AG: "I had some bonnie thyme"?

[Another] Student: "When I was in my prime/ I cherished my thyme..

[Another] Student: "..stole your bunch of thyme" (sic)

AG: Sow your what?

Student: "Stole my bunch of thyme"

AG: "like a false young man, who stole my bunch of thyme (stole my sprig of thyme)". Actually, there are whole books on that subject, none of which, I've read!

Student: Does anybody know a publisher? a name?

[Another] Student: Maud Bodkin has a book called "The Archetypal Images in Poetry" [actually, "Archetypal Patterns in Poetry" (1934)]

AG: Maud Bodkin - B-O-D-K-I-N. Maud Bodkin - The Archetypal Images in Poetry, which would touch on that?

Student: I don't know. Some of it maybe. I don't know if she gets into...
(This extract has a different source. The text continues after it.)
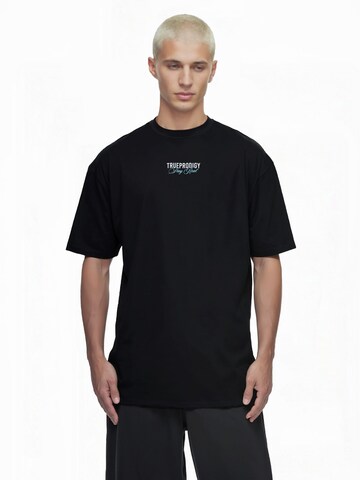 trueprodigy Shirt ' Lou ' in Zwart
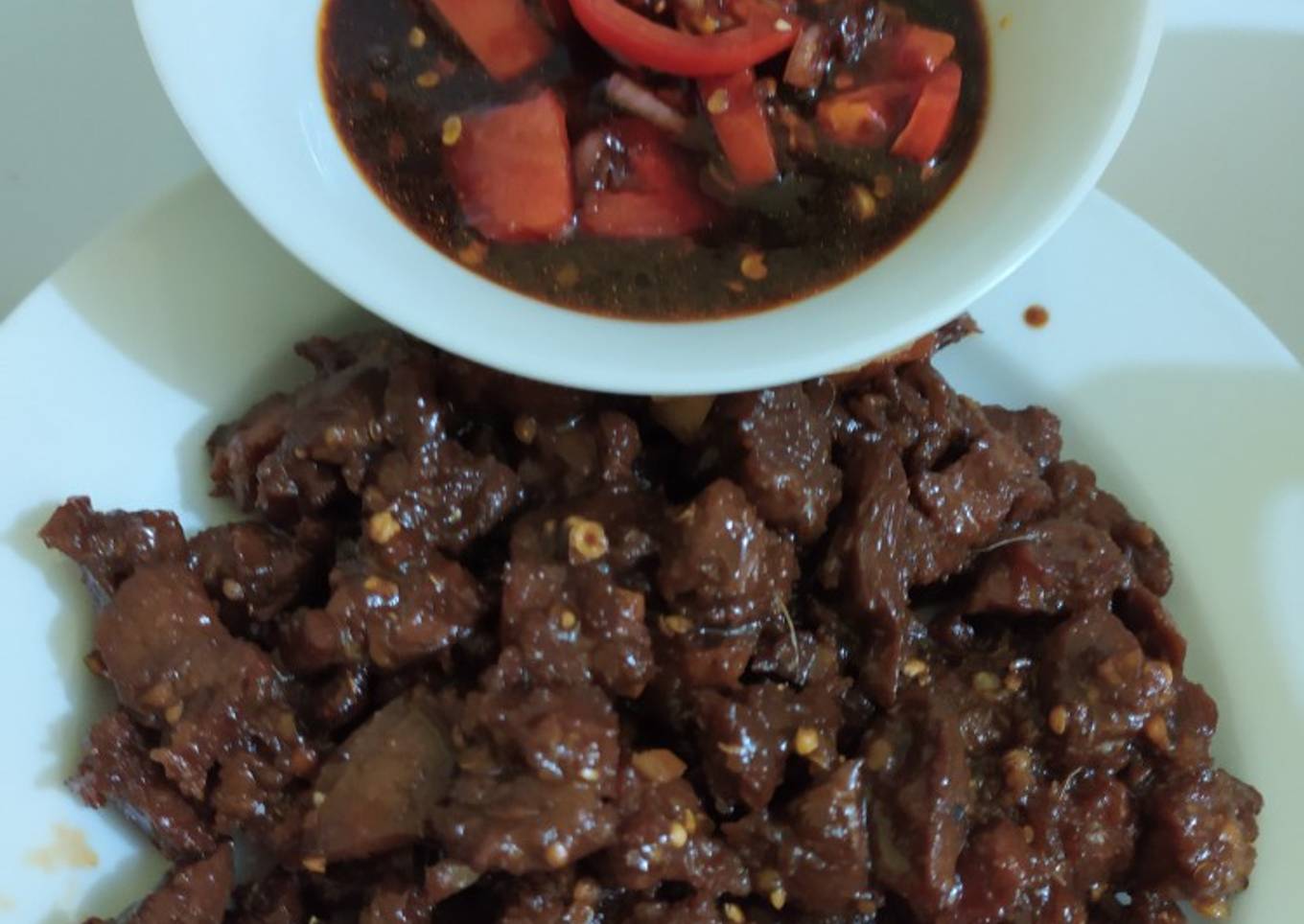 Sate Kambing Teflon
AG: In her book there would be a footnote, recommending a complete book on it.

Student: There must be a bibliography in it.

AG: "To Daffodils". Still Herrick. [Allen reads Herrick's "To Daffodils" in its entirety] - "Fair daffodils, we weep to see/ You haste away so soon/ As yet the early-rising sun/ Has not attained its noon/ Stay, stay/ Until the hasting day.."..."We have as short a spring;/ As quick a growth to meet decay/As you or anything/ We die,/ As your hours do, and dry/ Away/ Like to the summer's rain;/ Or as the pearls of morning dew/ Ne'er to be found again" - That's real sweet -  "To Daffodils" -  "As you or anything/ We die,/ As your hours do, and dry/ Away".

Herrick wrote a tiny little prayer to Ben Jonson, because Ben Jonson wrote such perfect verse and had so good an ear - [Allen reads] - "When I a verse shall make/ Know I have prayed thee/ For old religion's sake,/ Saint Ben, to aid me./  Make the way smooth for me/ When I, thy Herrick/ Honouring thee, on my knee,/ Offer my lyric.  Candles I'll give to thee/ And a new altar/ And thou, Saint Ben, shalt be/ Writ in my psalter." - Cute (actually, he's written much).